I knew out of my three boys he would be the one who stayed.  The others ran away to war or for love, but Samuel looked after me and when I got old, he looked after the farm.  Selflessness is in his nature.

Bill Irons: How did he do at school?

Dalia Srour: He was a popular boy.  He was a smart boy, the smartest of my sons but also the least interested in school work.  I never understood why he didn’t apply himself.  He loved his books but didn’t love school.  He wouldn’t study, do homework, or prepare for exams.  With all that reading, all that knowledge going into that brain of his you would have thought he would have done better, achieved more but it was the same thing in all his school reports; Samuel needs to stop dreaming.

Bill Irons: How did the loss of his brother affect him?

Dalia Srour: Every family in our village has lost someone in that war.  I expect that most families in the country have lost someone precious, someone loved.  So in that respect, Samuel’s pain, our pain was no different to anyone else’s.

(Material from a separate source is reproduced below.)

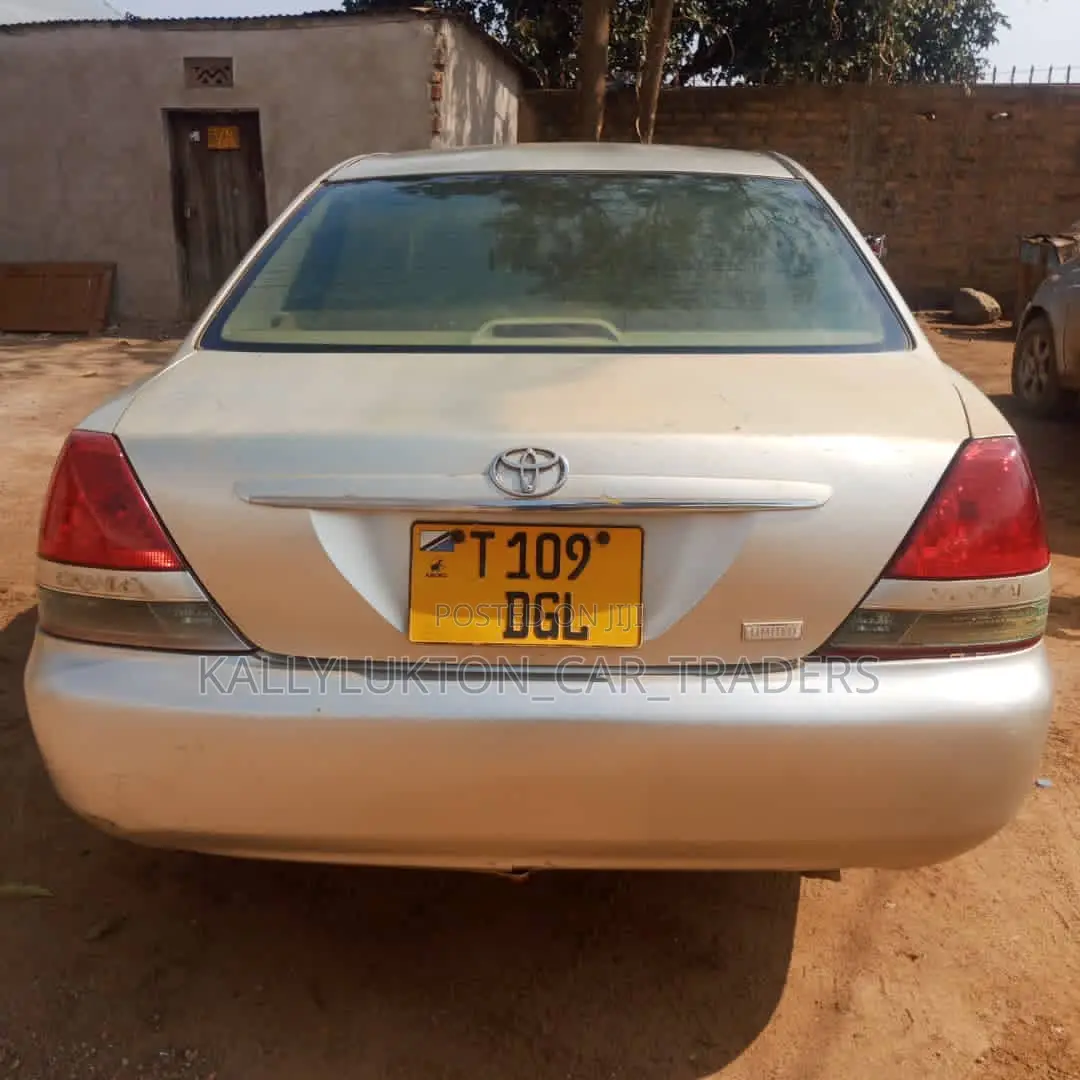 Toyota Mark II 2004 Silver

Bill Irons: Is Samuel religious?

Dalia Srour: Not at all.  My family going back a few generations on my mother’s side were originally Jewish and Samuel’s father was Christian but we as a family don’t observe either faith; I suppose we wear the cloak of religion very lightly.  I have left my children to choose their own paths.  My other boys had some interest, but Samuel had none.  You know, he read everything, history, art, fact, fiction, but for all his reading, all the hours with his nose in a book, I never saw him read a single religious book or text. Even after his brother passed, he didn’t lean on faith.

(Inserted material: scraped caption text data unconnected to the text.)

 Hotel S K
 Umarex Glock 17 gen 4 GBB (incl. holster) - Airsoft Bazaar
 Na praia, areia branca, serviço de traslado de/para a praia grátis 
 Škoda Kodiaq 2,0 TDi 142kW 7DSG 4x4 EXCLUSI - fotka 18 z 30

Bill Irons: Where were you when your farm was destroyed?

Dalia Srour: Thankfully, I was in Haifa.  With the war over I was visiting my grandchildren.  I saw the lightning in the sky, the same as everybody else.  Then we watched the news and found out that our farm, our home had been destroyed.  That airstrike left us destitute; we have nothing now.  At that time I had no idea what had happened to my son.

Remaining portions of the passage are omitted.